Instructions for the task =
The result should be an exact copy of the data, free of pictures.
── Dataset extract ──
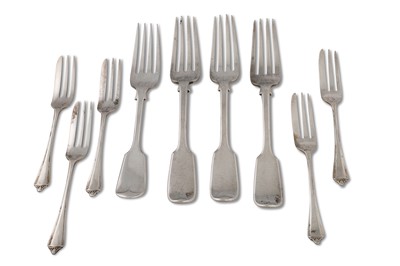 Lot 550 - A COLLECTION OF VARIOUS SILVER FORKS, 278 g.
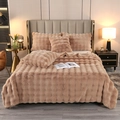 Plush faux fur bedding set in camel brown featuring wavy texture and matching pillows - 160*200 cm / Khaki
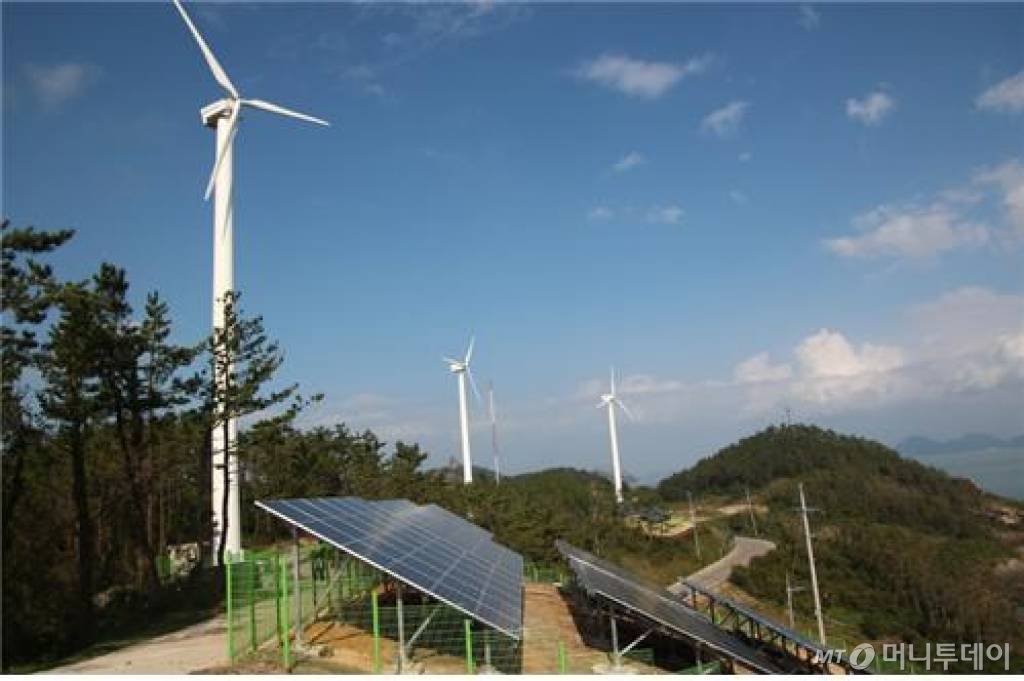 한전에서 운영 중인 '에너지자립섬' 전라남도 진도군 가사도에 구축된 풍력, 태양광 설비 / 사진제공=한국전력공사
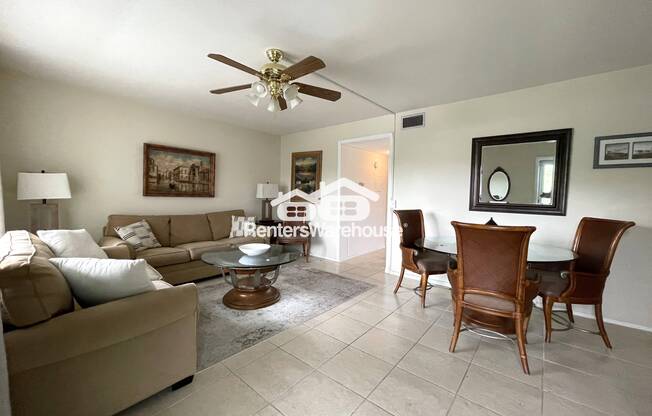 2042 AUSTRALIA WAY W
───
Result of the task =
 Lot 550 - A COLLECTION OF VARIOUS SILVER FORKS, 278 g.
 Plush faux fur bedding set in camel brown featuring wavy texture and matching pillows - 160*200 cm / Khaki
 한전에서 운영 중인 '에너지자립섬' 전라남도 진도군 가사도에 구축된 풍력, 태양광 설비 / 사진제공=한국전력공사
 2042 AUSTRALIA WAY W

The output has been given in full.